PALU .Nycnews.id – Sidang putusan praperadilan di Pengadilan Negeri Kelas IA Palu, Senin (20/4/2026), menjadi momentum penting bagi penegakan hukum dan perlindungan hak warga negara. Majelis hakim mengabulkan seluruh permohonan praperadilan yang diajukan sembilan warga Desa Loli Oge, Kabupaten Donggala, terhadap Direktorat Reserse Kriminal Umum (Ditreskrimum) Polda Sulawesi Tengah.
Dalam amar putusannya, hakim menyatakan penetapan status tersangka terhadap sembilan warga tersebut tidak sah secara hukum. Pengadilan juga memerintahkan penghentian penyidikan serta pemulihan nama baik, harkat, dan martabat para pemohon.
Putusan ini dinilai sebagai koreksi tegas terhadap proses penegakan hukum, sekaligus penegasan bahwa setiap tindakan aparat wajib berlandaskan prosedur dan dasar hukum yang jelas.
Sembilan warga tersebut diwakili oleh tim kuasa hukum dari Lembaga Bantuan Hukum Rakyat (LBH-R), yang dipimpin Agussalim, S.H., bersama Direktur LBH-R Firmansyah C. Rasyid, S.H., serta Mey Prawesty dan Iwan Rajasipa, S.H.
Sebelumnya, para pemohon ditetapkan sebagai tersangka dalam dugaan tindak pidana pengrusakan. Namun dalam permohonan praperadilan, tim kuasa hukum menilai proses penetapan tersebut sarat kejanggalan dan tidak memenuhi ketentuan hukum.
Firmansyah C. Rasyid mengungkapkan, salah satu poin krusial adalah surat penetapan tersangka yang tidak mencantumkan pasal yang disangkakan.
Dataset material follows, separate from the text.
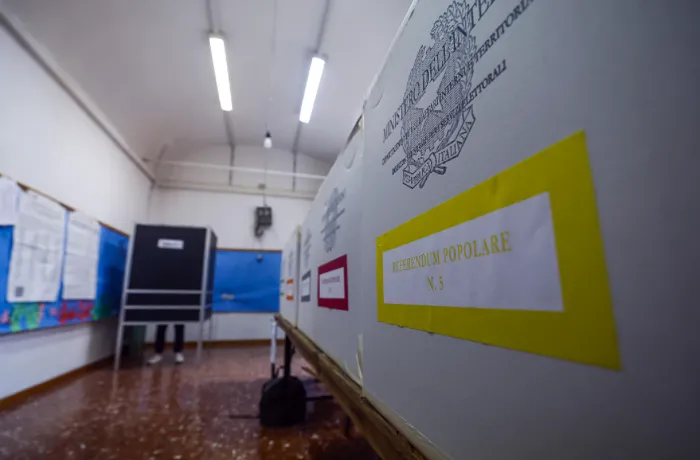 Cittadinanza un'occasione persa, il fattore migranti una chance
Selain itu, objek yang dipersoalkan berupa pondasi susunan batako yang belum rampung dan berada di badan jalan desa yang selama ini digunakan masyarakat.
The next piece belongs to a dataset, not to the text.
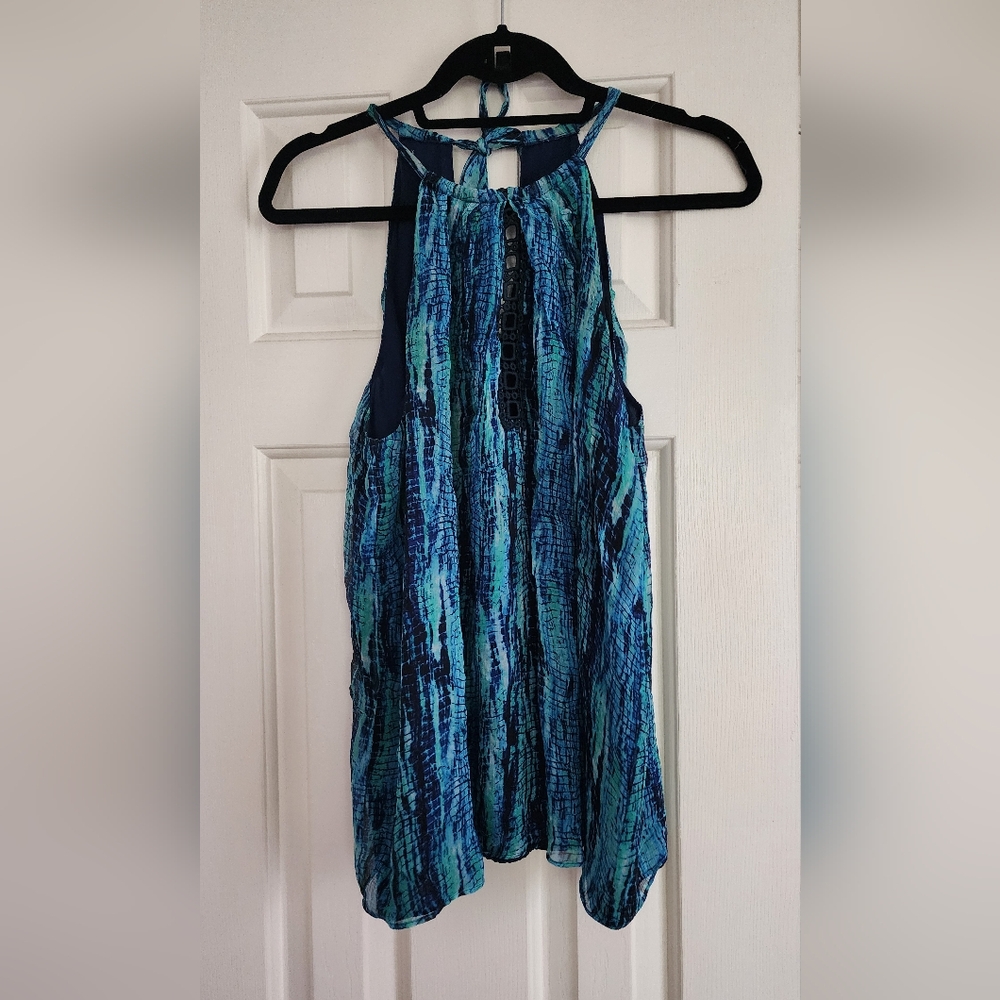 Ramy Brook silk top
Kuasa hukum juga menjelaskan bahwa pembongkaran pondasi tersebut dilakukan atas arahan kepala desa demi membuka kembali akses jalan umum bagi warga.
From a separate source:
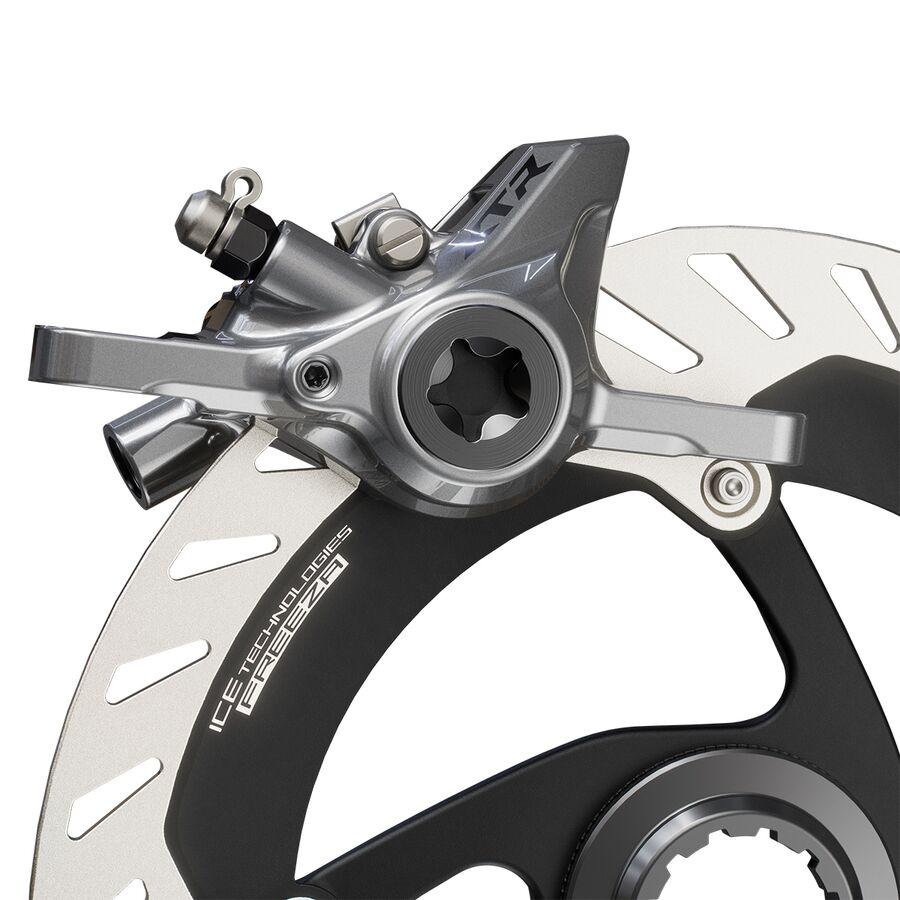 Shimano XTR M9200 Hydraulic 2-Piston Disc Brake Caliper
Tak hanya itu, legalitas pihak pelapor, yakni PT Wadi Al Aini Membangun, turut dipertanyakan. Pasalnya, perusahaan tersebut dinilai tidak memiliki sertifikat hak milik atau bukti kepemilikan lahan yang sah sebagai dasar laporan.
Dalam persidangan, pihak pemohon menghadirkan berbagai alat bukti berupa dokumen, surat, foto, dan video. Di antaranya surat penetapan tersangka, surat panggilan pemeriksaan, dokumen sanksi administratif terhadap pihak pelapor, hingga dokumentasi lokasi pondasi dan proses pembongkaran.
Sidang juga menghadirkan saksi ahli Arianto Sangadji, akademisi Universitas Tadulako. Dalam keterangannya, saksi ahli menilai tindakan warga merupakan bentuk spontanitas yang dipicu akumulasi reaksi sosial atas dugaan perampasan hak masyarakat.
Agussalim, selaku kuasa hukum, menyebut terdapat indikasi keterlibatan pihak tertentu dalam aktivitas perusahaan tambang yang diduga tidak memiliki izin yang jelas.
“Ada pihak yang mengatur operasional, namun tidak memiliki izin sama sekali,” ujarnya.
Ia menegaskan, putusan ini menjadi perhatian publik karena menyangkut kepastian hukum bagi masyarakat Desa Loli Oge. Selain itu, putusan tersebut menjadi pengingat penting bagi aparat penegak hukum untuk bertindak profesional dan akuntabel dalam menetapkan status tersangka.
“Bagi warga Loli Oge, ini bukan sekadar kemenangan di ruang sidang, tetapi juga pemulihan kehormatan yang sempat tercoreng dan kini telah dipulihkan oleh putusan pengadilan,” tutupnya.